Gilman argued that women's contributions to civilization, throughout history, have been halted because of an androcentric culture. She believed that womankind was the underdeveloped half of humanity, and improvement was necessary to prevent the deterioration of the human race. Gilman believed economic independence is the only thing that could really bring freedom for women and make them equal to men. In 1898 she published Women and Economics, a theoretical treatise which argued, among other things, that women are subjugated by men, that motherhood should not preclude a woman from working outside the home, and that housekeeping, cooking, and child care, would be professionalized. "The ideal woman," Gilman wrote, "was not only assigned a social role that locked her into her home, but she was also expected to like it, to be cheerful and gay, smiling and good-humored." When the sexual-economic relationship ceases to exist, life on the domestic front would certainly improve, as frustration in relationships often stems from the lack of social contact that the domestic wife has with the outside world.

Gilman became a spokesperson on topics such as women's perspectives on work, dress reform, and family. Housework, she argued, should be equally shared by men and women, and that at an early age women should be encouraged to be independent. In many of her major works, including "The Home" (1903), Human Work (1904), and The Man-Made World (1911), Gilman also advocated women working outside of the home.

Gilman argued that the home should be socially redefined. The home should shift from being an "economic entity" where a married couple live together because of the economic benefit or necessity, to a place where groups of men and groups of women can share in a "peaceful and permanent expression of personal life."

Gilman believed having a comfortable and healthy lifestyle should not be restricted to married couples; all humans need a home that provides these amenities. She suggested that a communal type of housing open to both males and females, consisting of rooms, rooms of suites and houses, should be constructed. This would allow individuals to live singly and still have companionship and the comforts of a home. Both males and females would be totally economically independent in these living arrangements allowing for marriage to occur without either the male or the female's economic status having to change.
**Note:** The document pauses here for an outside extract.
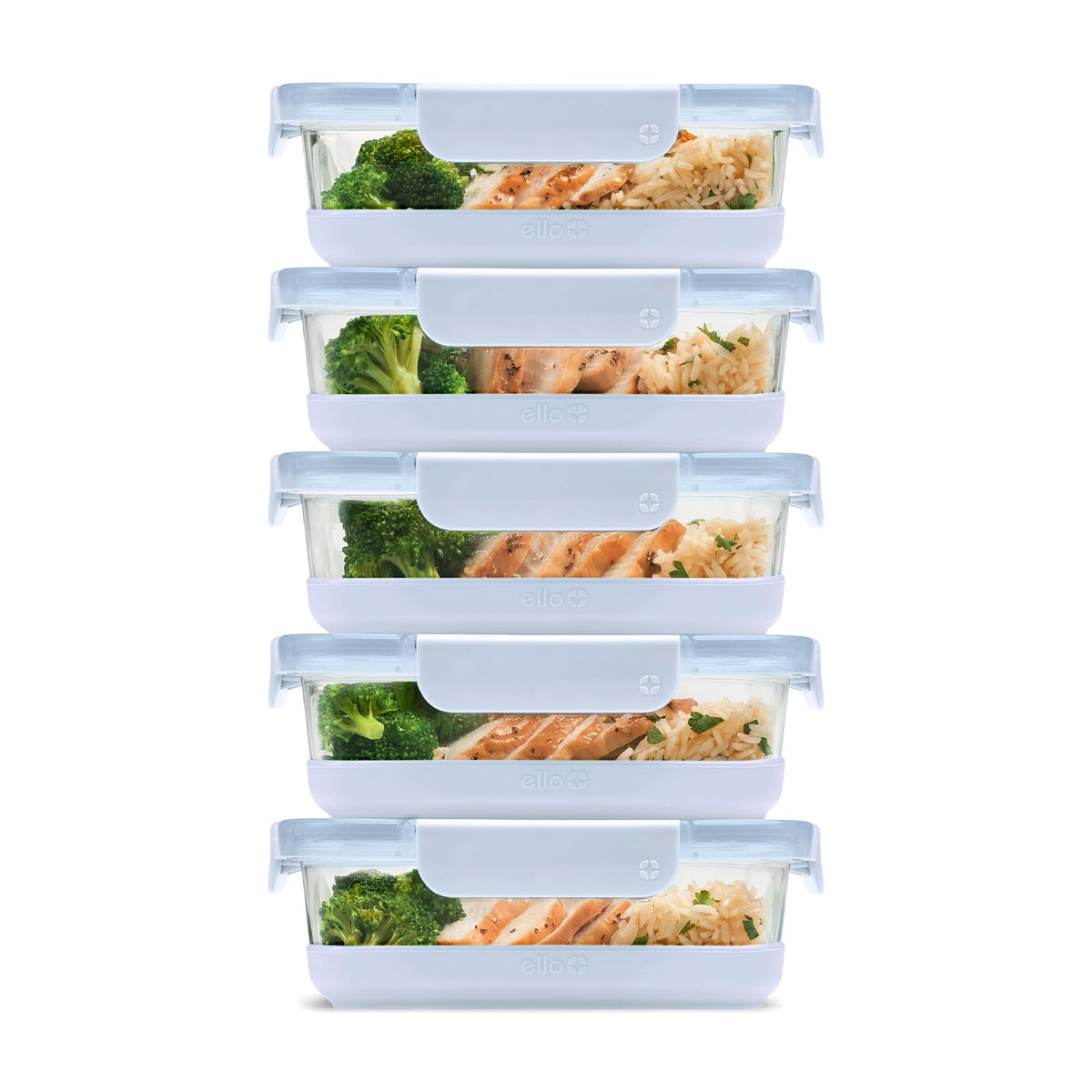 Ello Duraglass 3.4 Cup Glass Meal Prep Containers, 10 Pc, 5 Pack, Blue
The structural arrangement of the home is also redefined by Gilman. She removes the kitchen from the home, leaving rooms to be arranged and extended in any form and freeing women from the provision of meals in the home. The home would become a true personal expression of the individual living in it.

Ultimately the restructuring of the home and manner of living will allow individuals, especially women, to become an "integral part of the social structure, in close, direct, permanent connection with the needs and uses of society." That would be a dramatic change for women, who generally considered themselves restricted by family life built upon their economic dependence on men.

Feminism in stories and novellas

Gilman created a world in many of her stories with a feminist point of view. Two of her narratives, "What Diantha Did", and Herland, are good examples of Gilman focusing her work on how women are not just stay-at-home mothers they are expected to be; they are also people who have dreams, who are able to travel and work just as men do, and whose goals include a society where women are just as important as men. The world-building that is executed by Gilman, as well as the characters in these two stories and others, embody the change that was needed in the early 1900s in a way that is now commonly seen as feminism.

Gilman uses world-building in Herland to demonstrate the equality that she longed to see. The women of Herland are the providers. This makes them appear to be the dominant sex, taking over the gender roles that are typically given to men. Elizabeth Keyser notes, "In Herland the supposedly superior sex becomes the inferior or disadvantaged ..." In this society, Gilman makes it to where women are focused on having leadership within the community, fulfilling roles that are stereotypically seen as being male roles, and running an entire community without the same attitudes that men have concerning their work and the community. However, the attitude men carried concerning women were degrading, especially by progressive women, like Gilman. Using Herland, Gilman challenged this stereotype, and made the society of Herland a type of paradise. Gilman uses this story to confirm the stereotypically devalued qualities of women are valuable, show strength, and shatters traditional utopian structure for future works. Essentially, Gilman creates Herland's society to have women hold all the power, showing more equality in this world, alluding to changes she wanted to see in her lifetime.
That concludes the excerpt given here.